DSIF 5 is located just outside Johannesburg in the Republic of South Africa. This station is staffed by the National Institute of Telecommunications Research (NITR) of the South African Council for Scientific and Industrial Research and managed by Douglas Hogg.
The antenna and receiving equipment are identical to the Goldstone Echo Site installation except for minor details. The station has both transmitting and receiving capability and can send commands to the spacecraft. Recorded tracking and telemetered data are transmitted in real time to JPL by radio teletype.
MOBILE TRACKING STATION
The Mobile Tracking Station (DSIF 1) is a movable installation designed for emplacement near the point of injection of a space probe to assist the permanent stations in early acquisition of the spacecraft. This station is necessary because at this point the spacecraft is relatively low in altitude and consequently appears to move very fast across the sky. The Mobile Tracking Station has a fast-tracking antenna for use under these conditions. DSIF 1 was located near the South African station for Mariner II. It has a 10-foot parabolic antenna capable of tracking at a 10-degree-per-second rate. A 25-watt, 890-megacycle transmitter is used for obtaining tracking information. A diplexer permits simultaneous transmission and reception on the same antenna without interference.

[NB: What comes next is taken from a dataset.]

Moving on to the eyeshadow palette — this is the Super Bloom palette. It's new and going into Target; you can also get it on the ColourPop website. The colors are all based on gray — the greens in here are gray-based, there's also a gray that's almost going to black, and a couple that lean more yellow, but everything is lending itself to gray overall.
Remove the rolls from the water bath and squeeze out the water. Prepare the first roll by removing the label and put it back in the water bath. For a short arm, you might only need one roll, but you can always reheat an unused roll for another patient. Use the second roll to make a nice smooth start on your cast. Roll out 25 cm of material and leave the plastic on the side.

The equipment is installed in mobile vans so that the station can be operated in remote areas. The antenna is enclosed in a plastic dome and is mounted on a modified radar pedestal. The radome is inflatable with air and protects the antenna from wind and weather conditions.

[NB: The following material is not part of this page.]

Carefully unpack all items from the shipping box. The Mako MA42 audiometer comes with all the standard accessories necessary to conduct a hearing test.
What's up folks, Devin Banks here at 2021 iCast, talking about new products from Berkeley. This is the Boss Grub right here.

These stations of the DSIF tracked Mariner II in flight and sent commands to the spacecraft for the execution of maneuvers. The telemetry data received from the spacecraft during the 129 days of its mission were recorded and transmitted to JPL, where the information was processed and reduced by the computers of the space flight operations complex.
CHAPTER 7
THIRTEEN MILLION WORDS
The task of receiving, relaying, processing, and interpreting the data coming in simultaneously on a twenty-four-hour basis for several months from the several scientific and many engineering sources of the Mariner spacecraft was of truly monumental proportions.
This activity involved five DSIF tracking stations scattered around the world, a communication network, two computing stations and auxiliary facilities, and some 400 personnel over a four-month period.
Although the Mariner scientific information could be stored and subsequently processed at a later (non-real) time, it was necessary to make tracking and position data available almost as soon as it was received (in real time) so that the midcourse maneuver might be computed and transmitted to the spacecraft, and to further perfect the predicted trajectory and arrival time at Venus.